Oleh : Rengga Lutfiyanti
Kemiskinan masih menjadi problem besar yang belum bisa terselesaikan secara tuntas di beberapa negara termasuk Indonesia. Kemiskinan merupakan pangkal sekaligus ujung bagi munculnya berbagai problem baik politik, ekonomi, sosial, hukum, dll. Menurut Menteri PPN/Kepala Bappenas Bambang Brojonegoro, masih ada 9,4 juta jiwa penduduk Indonesia yang masih kategori miskin kronis atau sangat miskin (tirto.id, 16/01/2019). Tetapi masalah kemiskinan seringkali dikaitkan dengan perempuan, yaitu akibat ketidaksetaraan gender.
Dalam sebuah acara “Vayage to Indonesia’s Seminar on Women’s Participation for Economic Inclusiveness” di Surabaya, Menteri Keuangan Sri Mulyani menyampaikan bahwa, “Ketidaksetaraan gender mengakibatkan dampak negatif dalam berbagai aspek pembangunan mulai dari ekonomi, sosial, hingga pertahanan dan keamanan. Beberapa lembaga Internasioanl melihat ketidaksetaraan gender memiliki hubungan yang kuat dengan kemiskinan, ketidaksetaraan akses pendidikan, layanan kesehatan, hingga akses keuangan,” (liputan6.com, 02/08.2018).
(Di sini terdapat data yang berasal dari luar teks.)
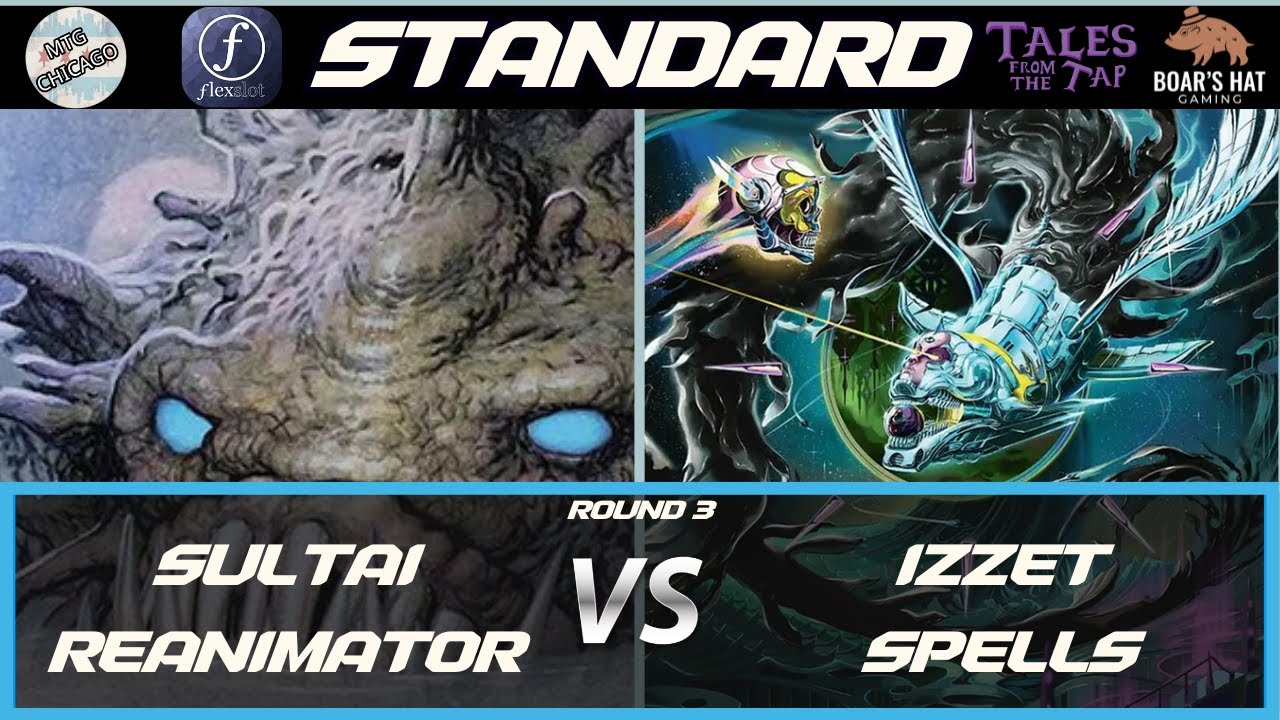 Sultai Reanimator против Izzet Spells [MTG Standard, 3 раунд]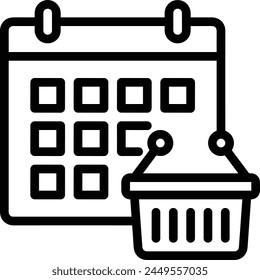 Símbolo de Vector de calendario Imagen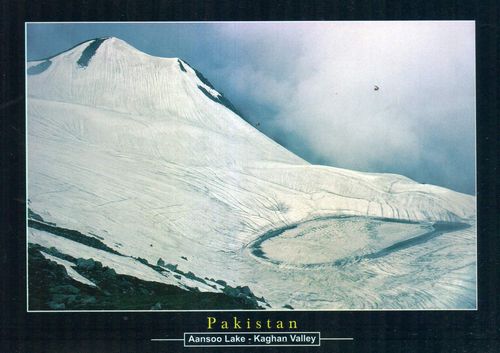 (image for) Pakistan Beautiful Postcard Ansoo Lake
Mungkin kita sudah tidak asing lagi mendengar istilah kesetaraan gender. Kesetaraan gender adalah pandangan bahwa semua orang harus menerima perlakuan yang setara dan tidak diskriminasi berdasarkan indentitas gender mereka yang bersifat kodrati (wikipedia). Kesetaraan gender ini merupakan sebuah gerakan yang lahir dari pengalaman historis akan ketidakadilan, penindasan, dan ketiadaan hak politik, ekonomi pendidikan, dan dasar hukum yang yang dihadapi oleh kaum perempuan di negara-negara Barat di bawah sistem sekuler yang memandang perempuan lebih rendah daripada laki-laki secara intelektual dan spiritual.
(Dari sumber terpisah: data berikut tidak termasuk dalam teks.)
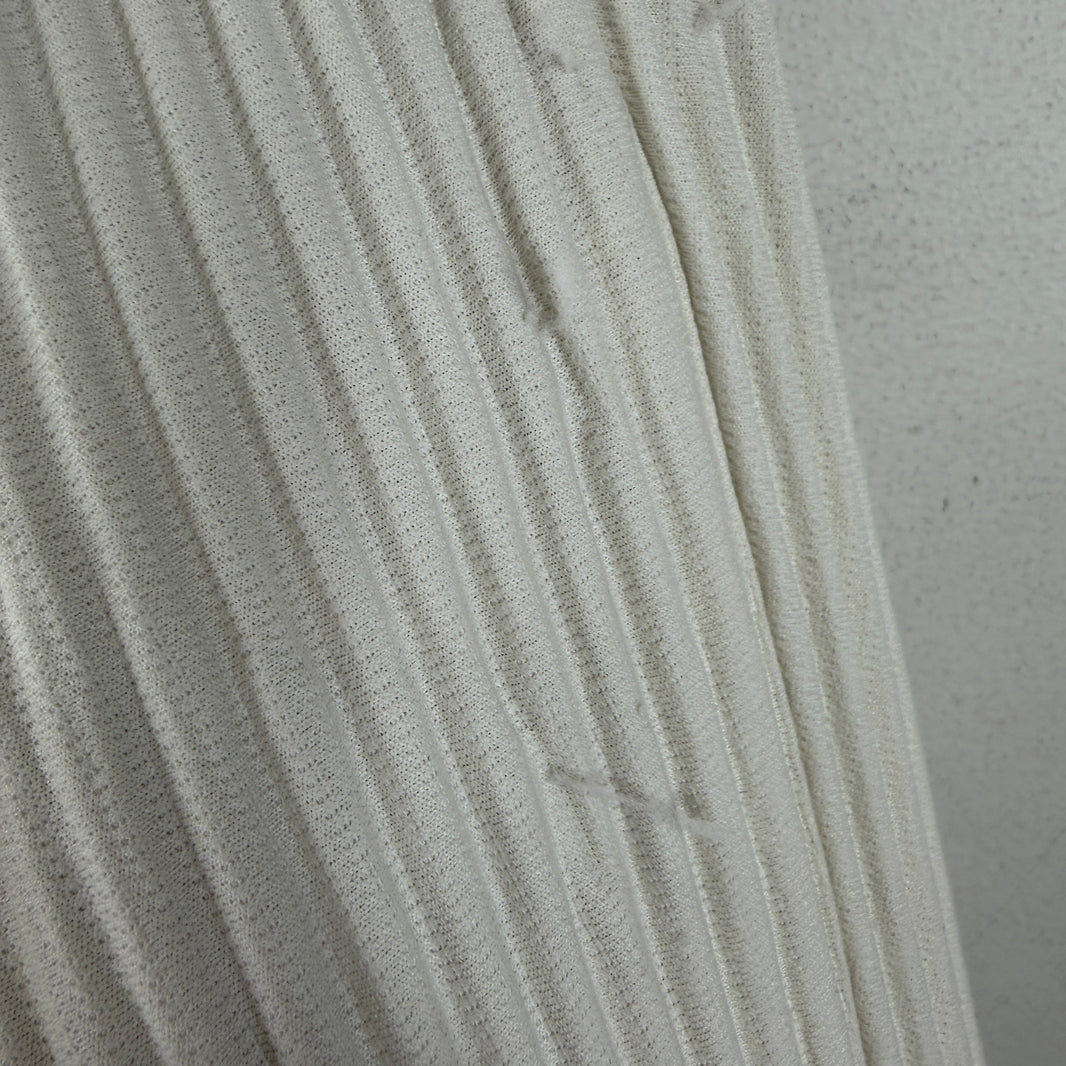 Issey Miyake White Pleated Trouser Pants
Bahkan isu perempuan dan kemiskinan dijadikan sebagai ajang kampanye global. Mereka berpendapat bahwa perempuan adalah entitas yang rentan terhadap kemiskinan. Padahal problem kemiskinan terjadi karena adanya pengelolaan SDA yang buruk dan monopoli kekayaan ditangan segelintir elit. Adanya kebijakan-kebijakan pasar kapitalisme yang cacat membuat para kapital leluasa memprivatisasi SDA yang seharusnya dikelola negara untuk rakyat. Hal ini juga diperburuk dengan adanya berbagai pinjaman berbunga tinggi dari badan-badan kapitalis seperti IMF yang menyebabkan utang besar negara, serta progam-progam penyesuaian struktural yang melumpuhkan yang dipaksakan atas negara-negara pengutang , yang mencakup pajak tinggi untuk berbagai produk.
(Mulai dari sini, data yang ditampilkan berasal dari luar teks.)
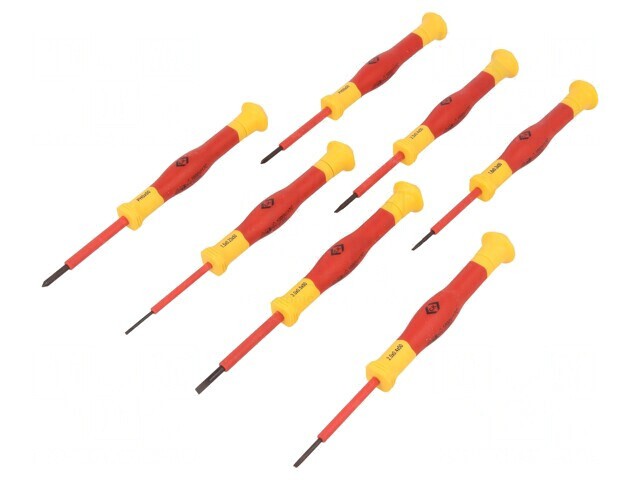 Kit Șurubelnițe Izolate de Precizie 1kVAC Phillips și Plată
Hal ini semakin membuktikan bahwa tidak ada korelasi antara kemiskinan dan perempuan seperti yang digaungkan oleh para pendukung kesetaraan gender. Oleh karena itu, pengarus utamaan gender dan pemberdayaan ekonomi perempuan sebagai solusi dari kemiskinan sistematis pada jutaan perempuan tak ubahnya hanyalah bentuk eksploitasi perempuan. Dimana eksploitasi perempuan malah akan menimbulkan problem baru yaitu tidak berfungsinya peran perempuan sebagai ibu dan pengatur rumah tangga (umm wa rabatul bait), gugat cerai, banyak anak yang tidak terurus atau terlantar yang kemudian mengakibatkan kerusakan atau penyakit di masyarakat seperti seks bebas, pergaulan bebas, LGBT, bullying, dll.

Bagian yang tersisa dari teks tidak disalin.